What is being asked:
Repeat only the lines below from the one containing "Coral Kinetic on" through the one containing "Leibold Malakiás névjegykártya", inclusive, exactly as written.

Material shown:
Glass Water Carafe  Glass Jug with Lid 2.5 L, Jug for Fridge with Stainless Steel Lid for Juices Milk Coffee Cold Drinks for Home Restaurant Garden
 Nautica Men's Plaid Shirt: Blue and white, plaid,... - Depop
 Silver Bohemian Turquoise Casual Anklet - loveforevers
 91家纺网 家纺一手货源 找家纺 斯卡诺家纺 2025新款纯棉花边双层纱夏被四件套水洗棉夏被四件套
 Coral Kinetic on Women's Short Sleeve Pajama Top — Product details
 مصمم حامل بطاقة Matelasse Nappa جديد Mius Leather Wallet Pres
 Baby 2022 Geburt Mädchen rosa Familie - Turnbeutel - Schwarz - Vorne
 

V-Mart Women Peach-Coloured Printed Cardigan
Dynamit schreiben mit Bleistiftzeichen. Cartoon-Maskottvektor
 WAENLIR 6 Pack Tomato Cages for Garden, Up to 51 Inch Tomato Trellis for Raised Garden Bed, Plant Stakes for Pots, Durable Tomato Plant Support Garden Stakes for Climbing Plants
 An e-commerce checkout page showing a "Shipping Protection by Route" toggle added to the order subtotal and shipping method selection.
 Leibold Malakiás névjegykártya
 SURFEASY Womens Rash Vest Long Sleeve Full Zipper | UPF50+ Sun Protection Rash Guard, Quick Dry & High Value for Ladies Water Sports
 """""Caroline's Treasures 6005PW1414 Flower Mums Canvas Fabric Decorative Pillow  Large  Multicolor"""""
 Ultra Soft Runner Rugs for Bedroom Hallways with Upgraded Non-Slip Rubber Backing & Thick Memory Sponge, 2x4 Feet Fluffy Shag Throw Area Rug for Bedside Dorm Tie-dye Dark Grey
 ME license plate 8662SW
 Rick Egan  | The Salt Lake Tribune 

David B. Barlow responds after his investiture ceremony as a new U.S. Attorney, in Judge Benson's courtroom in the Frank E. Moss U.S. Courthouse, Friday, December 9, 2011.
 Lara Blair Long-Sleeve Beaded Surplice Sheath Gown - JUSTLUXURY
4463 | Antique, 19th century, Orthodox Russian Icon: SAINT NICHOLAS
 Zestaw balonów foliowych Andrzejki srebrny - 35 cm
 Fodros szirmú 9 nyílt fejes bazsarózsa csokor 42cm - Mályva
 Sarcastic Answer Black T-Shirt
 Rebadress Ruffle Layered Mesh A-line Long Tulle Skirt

Result below:
 Coral Kinetic on Women's Short Sleeve Pajama Top — Product details
 مصمم حامل بطاقة Matelasse Nappa جديد Mius Leather Wallet Pres
 Baby 2022 Geburt Mädchen rosa Familie - Turnbeutel - Schwarz - Vorne
 

V-Mart Women Peach-Coloured Printed Cardigan
Dynamit schreiben mit Bleistiftzeichen. Cartoon-Maskottvektor
 WAENLIR 6 Pack Tomato Cages for Garden, Up to 51 Inch Tomato Trellis for Raised Garden Bed, Plant Stakes for Pots, Durable Tomato Plant Support Garden Stakes for Climbing Plants
 An e-commerce checkout page showing a "Shipping Protection by Route" toggle added to the order subtotal and shipping method selection.
 Leibold Malakiás névjegykártya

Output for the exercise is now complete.